===== INFORMATION =====

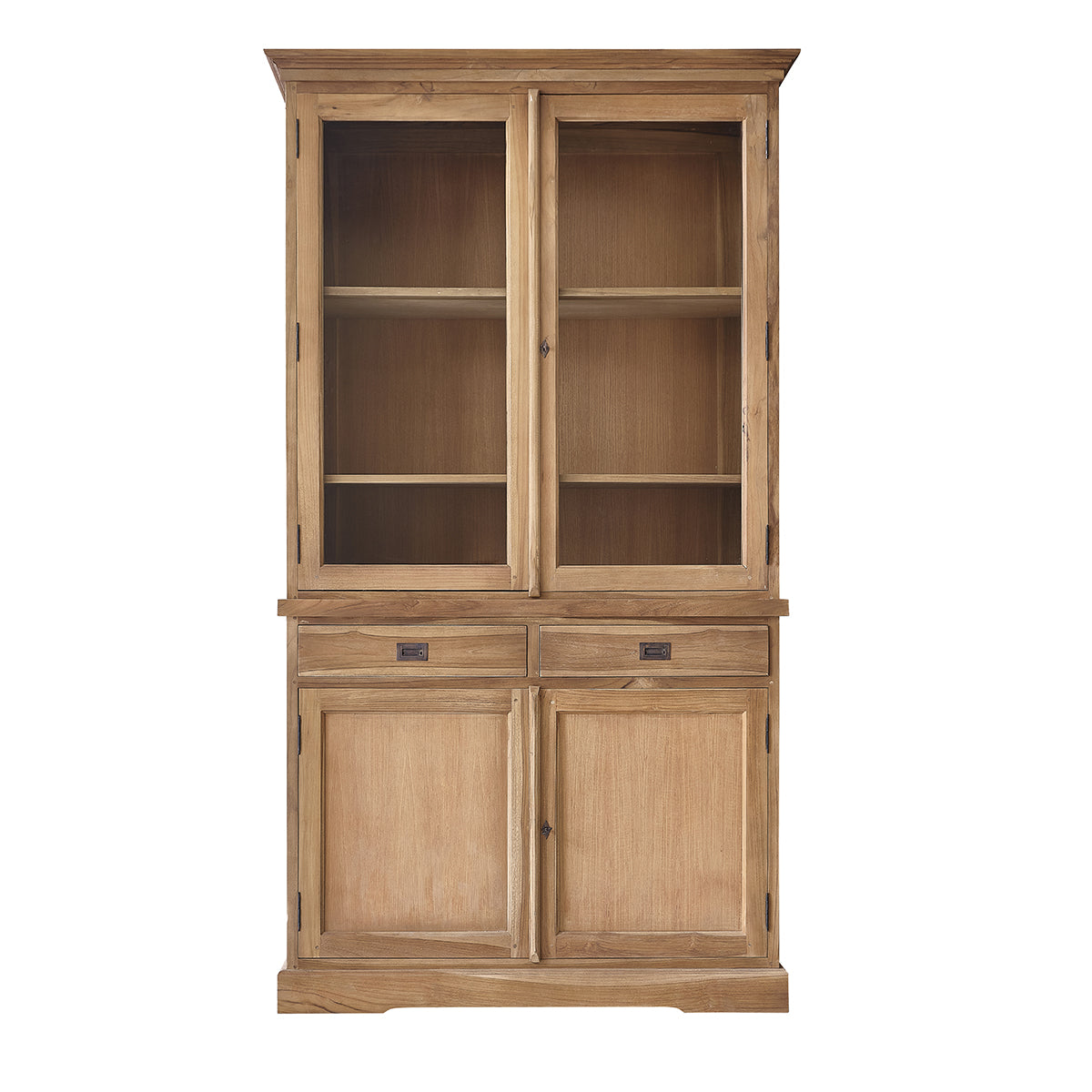 BOSTON - Vetrinetta in teak massello 120 cm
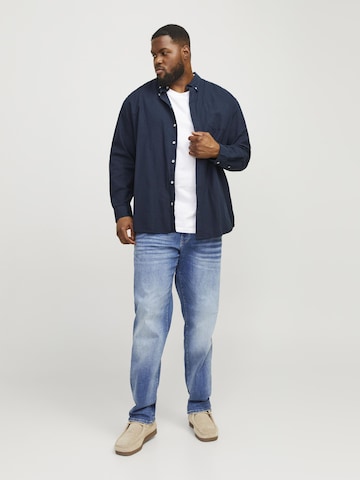 Jack & Jones Plus Slim Fit Риза 'Oxford' в синьо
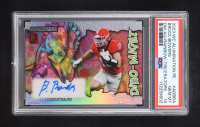 Brock Bowers 2023 Wild Card Alumination Rookie Edition Dino-Might Autographs Triceratops Rainbow RC #04/25 (PSA 10) at PristineAuction.com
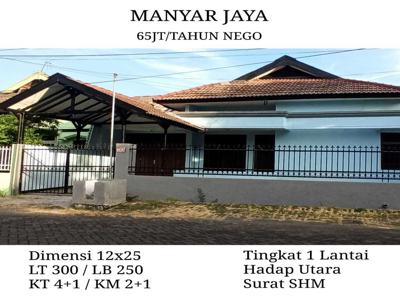 DISEWAKAN MURAH Rumah Manyar Jaya Surabaya 1 lantai Harga Nego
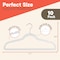 Campior Premium Velvet Non-Slip Hangers, Heavy Duty, 360 Deg Swivel Hook, White Velvet Finish, 10PK CMPVVH10WH - alternate 9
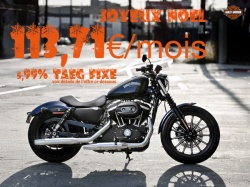 Offre de financement Harley-Davidson pour l'achat d'une Sportster Iron 883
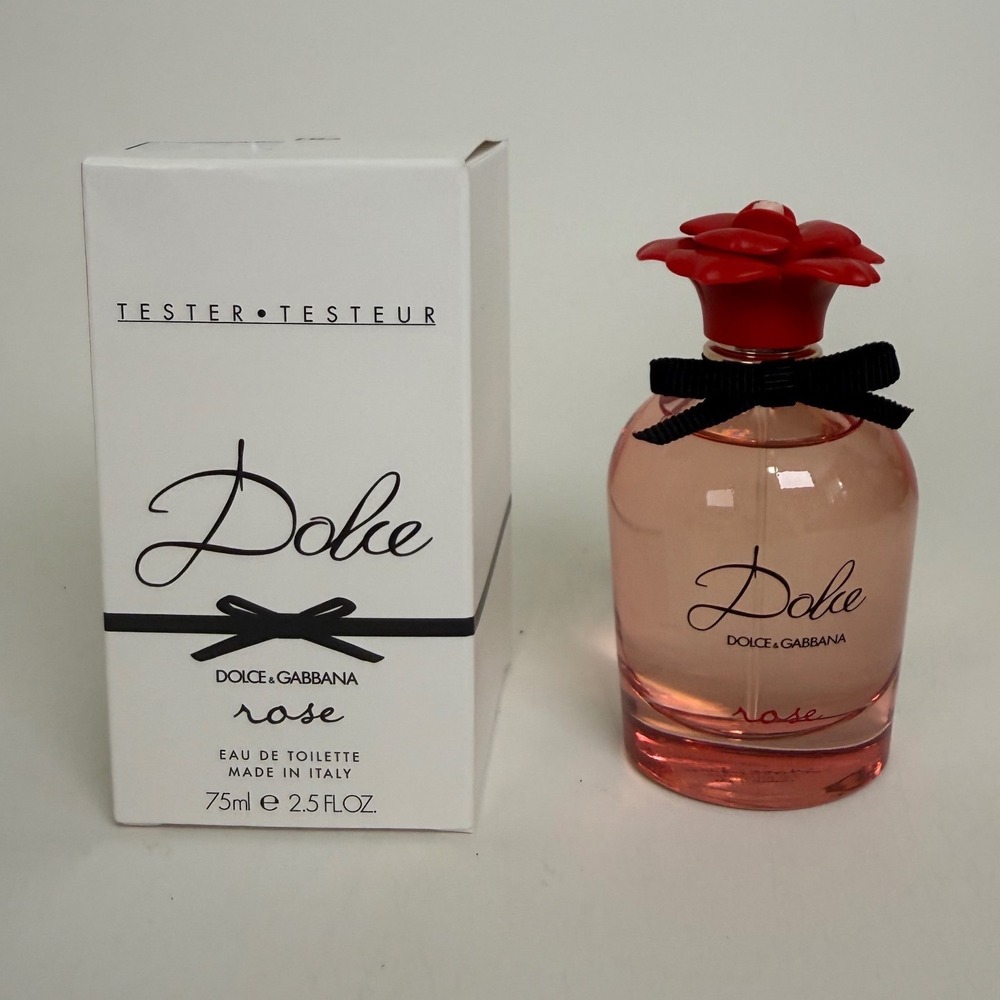 Dolce Gabbana Rose EDT Fruity Floral Women Perfume 2.5oz 75Ml Tester New - Picture 2 of 7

=====

**YOUR OBJECTIVE:**
Print the records again exactly, pictures excluded.

**OUTPUT FOR THIS EXERCISE:**
 BOSTON - Vetrinetta in teak massello 120 cm
 Jack & Jones Plus Slim Fit Риза 'Oxford' в синьо
 Brock Bowers 2023 Wild Card Alumination Rookie Edition Dino-Might Autographs Triceratops Rainbow RC #04/25 (PSA 10) at PristineAuction.com
 DISEWAKAN MURAH Rumah Manyar Jaya Surabaya 1 lantai Harga Nego
 Campior Premium Velvet Non-Slip Hangers, Heavy Duty, 360 Deg Swivel Hook, White Velvet Finish, 10PK CMPVVH10WH - alternate 9
 Offre de financement Harley-Davidson pour l'achat d'une Sportster Iron 883
 Dolce Gabbana Rose EDT Fruity Floral Women Perfume 2.5oz 75Ml Tester New - Picture 2 of 7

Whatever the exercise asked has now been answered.